Heart defects are the most common birth defects. Approximately 1 in 145 babies are born with congenital heart disease. For more than half of these babies, the condition is a minor problem which either doesn’t need any treatment, or can be successfully corrected with surgery after they are born.

Other conditions are more serious and sadly, some children with congenital heart disease do not survive. However, thanks to advances in early diagnosis and treatment, most children will grow up to become adults and lead full and active lives.

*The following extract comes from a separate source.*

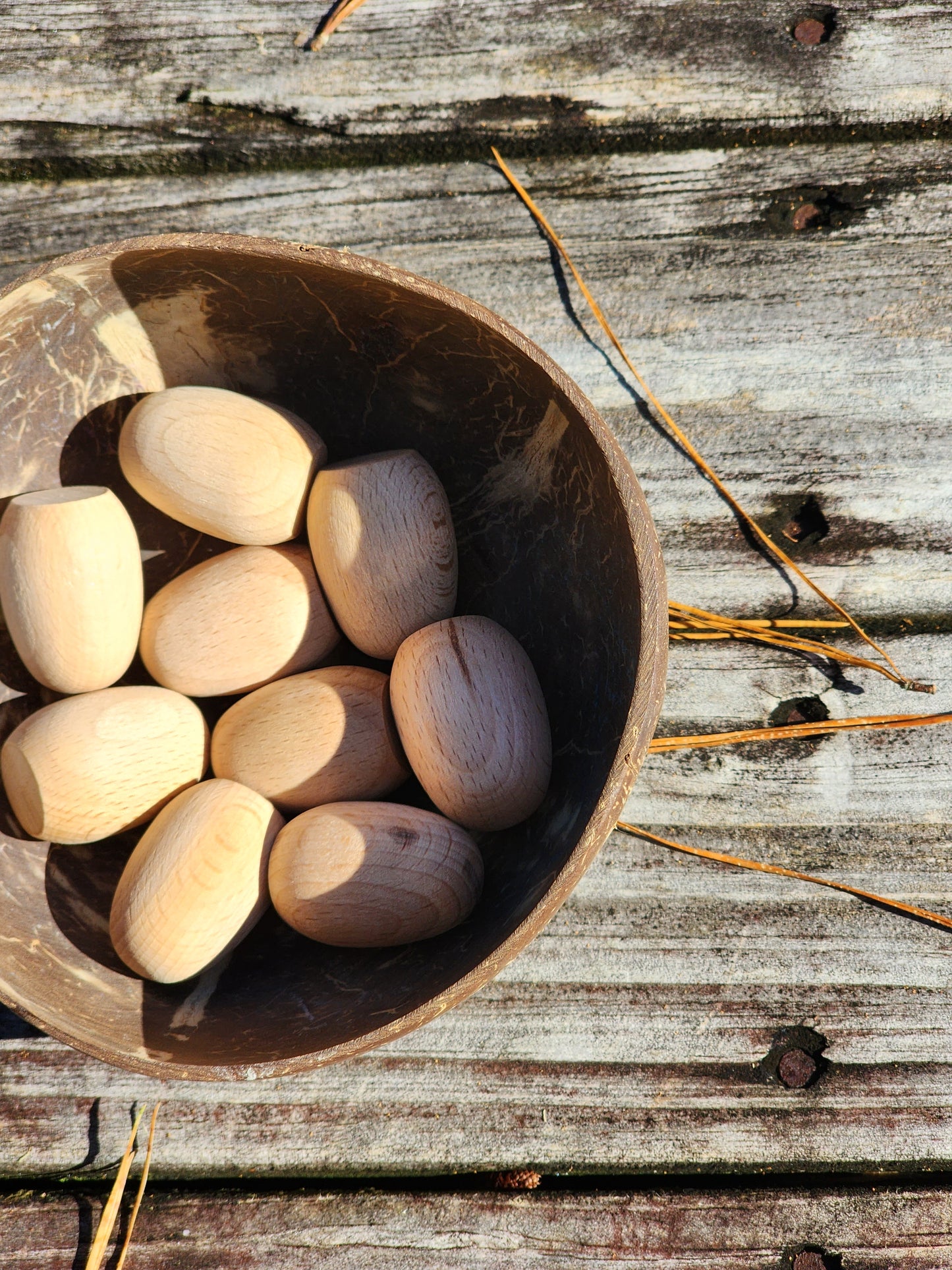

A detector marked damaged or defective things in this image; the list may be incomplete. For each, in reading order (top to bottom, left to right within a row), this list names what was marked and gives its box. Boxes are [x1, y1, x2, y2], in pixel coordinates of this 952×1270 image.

rusty nail head [797, 17, 827, 44]
rusty nail head [792, 202, 822, 232]
rusty nail head [777, 1046, 817, 1087]
rusty nail head [797, 1250, 827, 1270]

In May 2010 my daughter Grace was born with a congenital heart defect and severe feeding issues which has affected her quality of life. Grace received her first operation in April 2011 which was to repair the chambers of her heart so that it was pumping more effectively. This was successful however it is not uncommon for children with heart defects to have other issues, particularly feeding ones. Grace had to be fed via a gastro nasal tube since she was born.

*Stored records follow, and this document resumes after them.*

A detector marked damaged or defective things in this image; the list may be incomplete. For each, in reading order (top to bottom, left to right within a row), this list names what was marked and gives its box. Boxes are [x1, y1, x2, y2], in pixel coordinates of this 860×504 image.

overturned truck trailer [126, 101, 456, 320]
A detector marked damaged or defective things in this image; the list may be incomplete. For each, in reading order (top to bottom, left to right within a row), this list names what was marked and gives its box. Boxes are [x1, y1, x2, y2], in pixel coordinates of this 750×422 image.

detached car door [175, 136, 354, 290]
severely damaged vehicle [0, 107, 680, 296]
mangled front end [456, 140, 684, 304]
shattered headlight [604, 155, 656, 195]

She also suffered with extreme reflux (vomiting persistently).Following her heart surgery her feeding problems did not improve and subsequently she needed further major surgery on her stomach. So In December 2011 she had a fundoplication along with Gastrostostomy (feeding peg).Graces condition also affects her immune system and when she gets a cough or a cold this can go on for weeks rather than just a few days like you or I. We have been told by doctors to expect her condition to go up and down over the next few years which will mean regular visits and stays in hospital for weeks at a time. She is now 2 years old. Grace like other children born with these defects has been in and out of hospital for her whole life and will continue to be monitored throughout it. She will need further operations in the next few years and will continue to be monitored throughout her teens due to narrowing of the pulmonary artery. Her future remains uncertain.

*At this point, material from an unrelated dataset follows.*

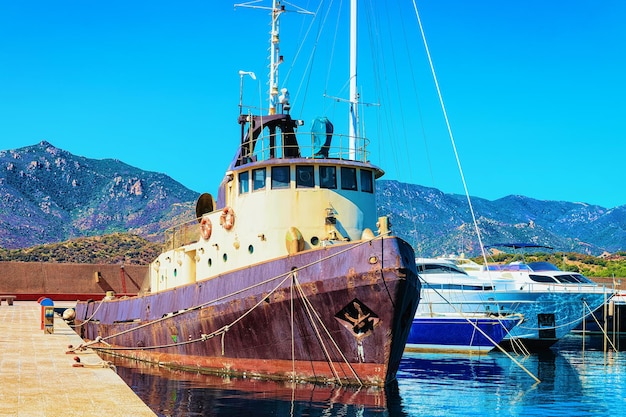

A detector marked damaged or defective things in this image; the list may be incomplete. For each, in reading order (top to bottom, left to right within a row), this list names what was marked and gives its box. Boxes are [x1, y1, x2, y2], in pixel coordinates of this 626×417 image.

rusty old tugboat [73, 0, 420, 386]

As grace’s parents we are truly grateful that she has the ability to play, laugh and is a happy little girl, this is thanks only to advancement in modern technology on-going research and dedicated health professionals. Some children with heart defects are not so lucky. Heart defects account for a huge percentage of childhood mortality and morbidity. Twice as many children die from congenital heart defects than childhood cancers.

For this reason Myself and 7 other Royal Marine Commando’s will be running from Lympstone, Devon to Poole in Dorset. This takes place over 2 days from the 13th-14th of November 2012 covering 100 miles of the Jurassic coast climbing a total of 6,600ft. All this will be done with a log weighing in at a hefty 40kg with only 2 people on at one time. All proceeds will go to the mending broken hearts appeal, which have two sets of scientists taking an innovative approach to heart repair, looking at the cause of a heart defect which could hold new treatment clues. They need to raise £50 million to fund the groundbreaking research that could begin to literally 'mend broken hearts' in as little as ten years.